# [Assigned task]
From the line containing "HANITA: coat for" through the last line below, copy every line exactly, leaving out the pictures.
Given records START
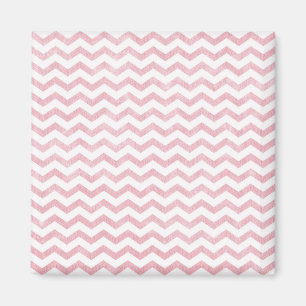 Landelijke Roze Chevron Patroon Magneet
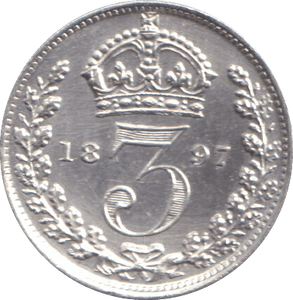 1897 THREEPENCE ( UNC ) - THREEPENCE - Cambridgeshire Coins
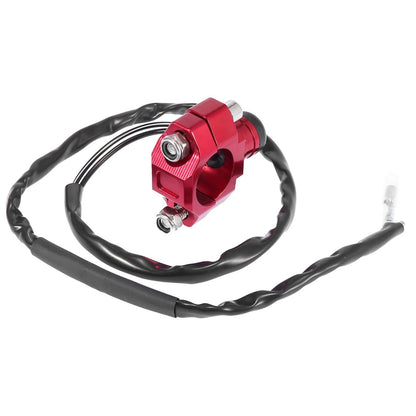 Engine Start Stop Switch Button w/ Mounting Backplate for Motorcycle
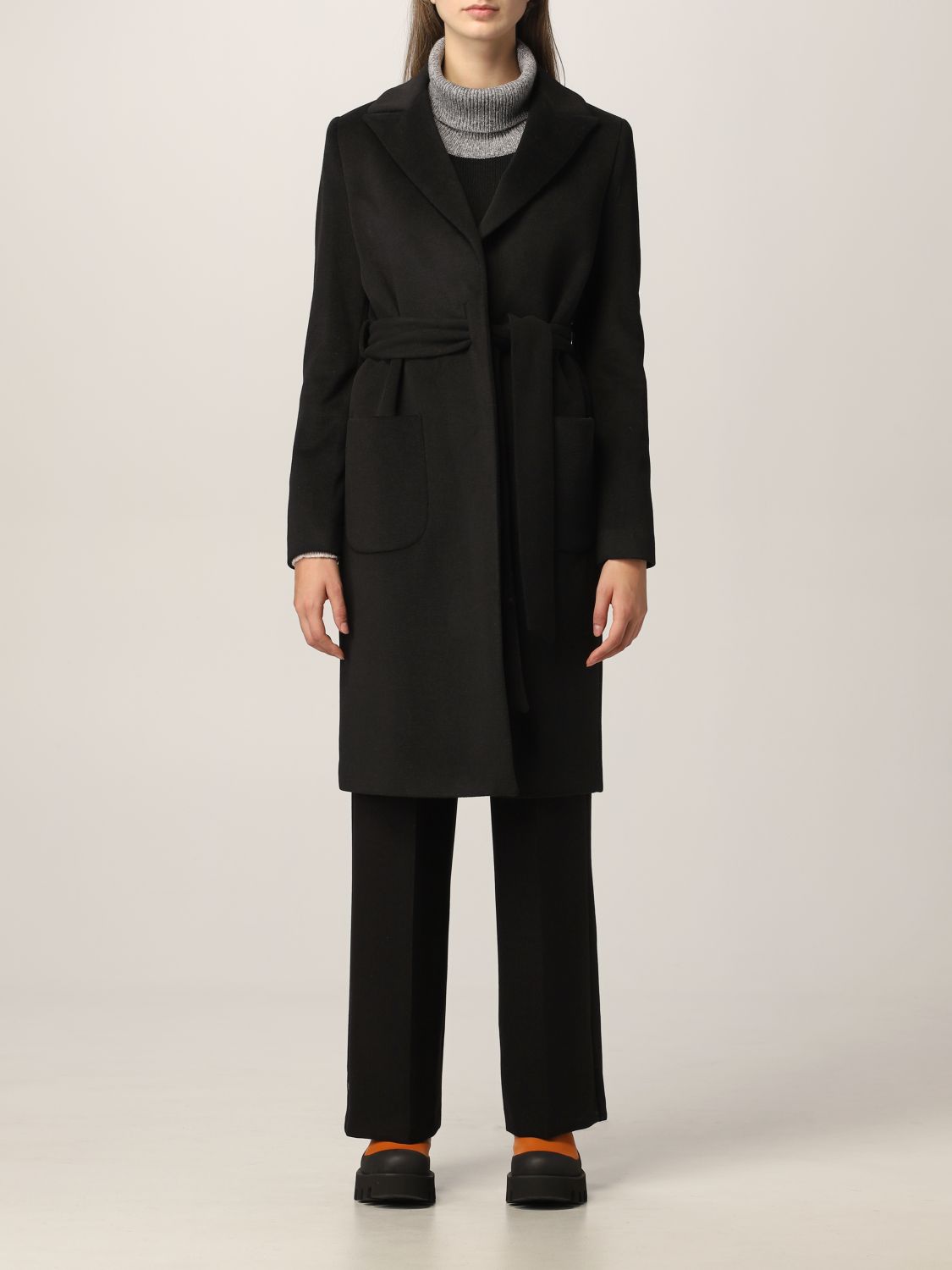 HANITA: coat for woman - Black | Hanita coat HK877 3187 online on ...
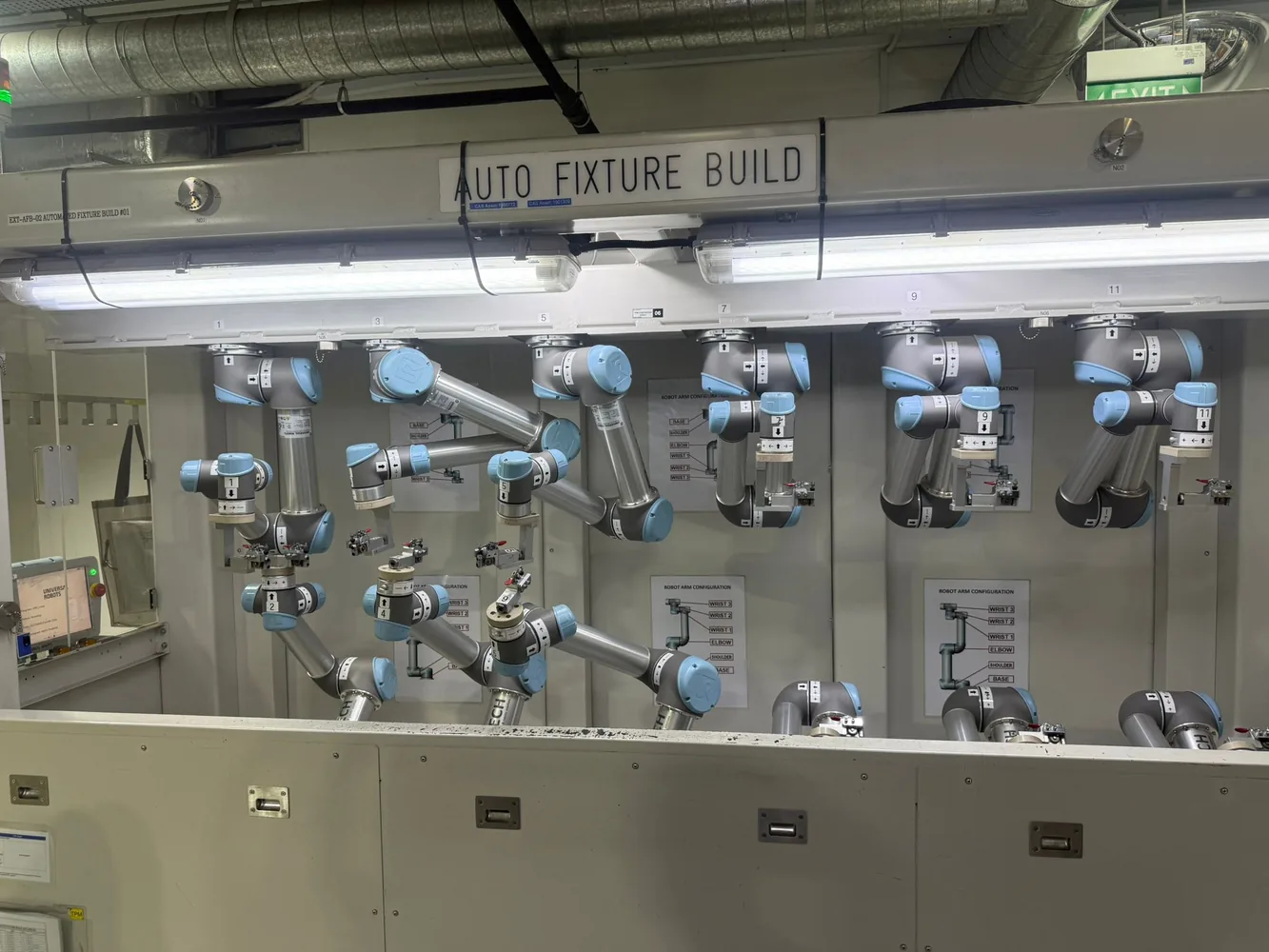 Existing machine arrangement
Given records END
# [Response for this exercise]
 HANITA: coat for woman - Black | Hanita coat HK877 3187 online on ...
 Existing machine arrangement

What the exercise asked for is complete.